[Work required]:
In the records below, some lines contain the word "Cascade". Copy each of them.
===
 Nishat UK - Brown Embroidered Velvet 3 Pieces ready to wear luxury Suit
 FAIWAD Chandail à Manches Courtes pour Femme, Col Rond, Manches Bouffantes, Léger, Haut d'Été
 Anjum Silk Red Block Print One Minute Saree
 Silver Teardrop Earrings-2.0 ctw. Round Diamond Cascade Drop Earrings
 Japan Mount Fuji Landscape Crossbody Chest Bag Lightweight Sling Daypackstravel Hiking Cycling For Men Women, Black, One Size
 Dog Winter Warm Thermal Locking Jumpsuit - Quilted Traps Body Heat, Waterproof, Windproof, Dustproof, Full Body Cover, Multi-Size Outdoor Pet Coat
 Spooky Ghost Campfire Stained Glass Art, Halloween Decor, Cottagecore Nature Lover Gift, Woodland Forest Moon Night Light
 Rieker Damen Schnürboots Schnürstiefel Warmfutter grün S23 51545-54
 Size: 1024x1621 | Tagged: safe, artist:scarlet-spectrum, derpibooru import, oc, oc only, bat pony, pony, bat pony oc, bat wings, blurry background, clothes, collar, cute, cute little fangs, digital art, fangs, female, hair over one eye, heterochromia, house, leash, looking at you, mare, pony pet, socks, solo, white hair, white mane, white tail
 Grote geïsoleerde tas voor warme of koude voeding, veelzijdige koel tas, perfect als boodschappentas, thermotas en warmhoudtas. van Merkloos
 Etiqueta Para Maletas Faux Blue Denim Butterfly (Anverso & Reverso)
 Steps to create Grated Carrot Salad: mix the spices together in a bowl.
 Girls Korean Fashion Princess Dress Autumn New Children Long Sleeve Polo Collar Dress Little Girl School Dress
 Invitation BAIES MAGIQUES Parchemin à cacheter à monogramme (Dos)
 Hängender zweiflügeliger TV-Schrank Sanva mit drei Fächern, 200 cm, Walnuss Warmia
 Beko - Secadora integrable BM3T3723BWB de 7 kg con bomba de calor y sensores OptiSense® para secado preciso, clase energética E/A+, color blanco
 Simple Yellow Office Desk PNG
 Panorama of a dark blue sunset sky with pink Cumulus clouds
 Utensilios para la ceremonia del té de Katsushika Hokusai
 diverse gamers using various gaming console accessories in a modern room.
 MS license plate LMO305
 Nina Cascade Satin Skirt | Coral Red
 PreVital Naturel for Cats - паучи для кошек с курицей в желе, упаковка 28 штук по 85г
===
[Solution]:
 Silver Teardrop Earrings-2.0 ctw. Round Diamond Cascade Drop Earrings
 Nina Cascade Satin Skirt | Coral Red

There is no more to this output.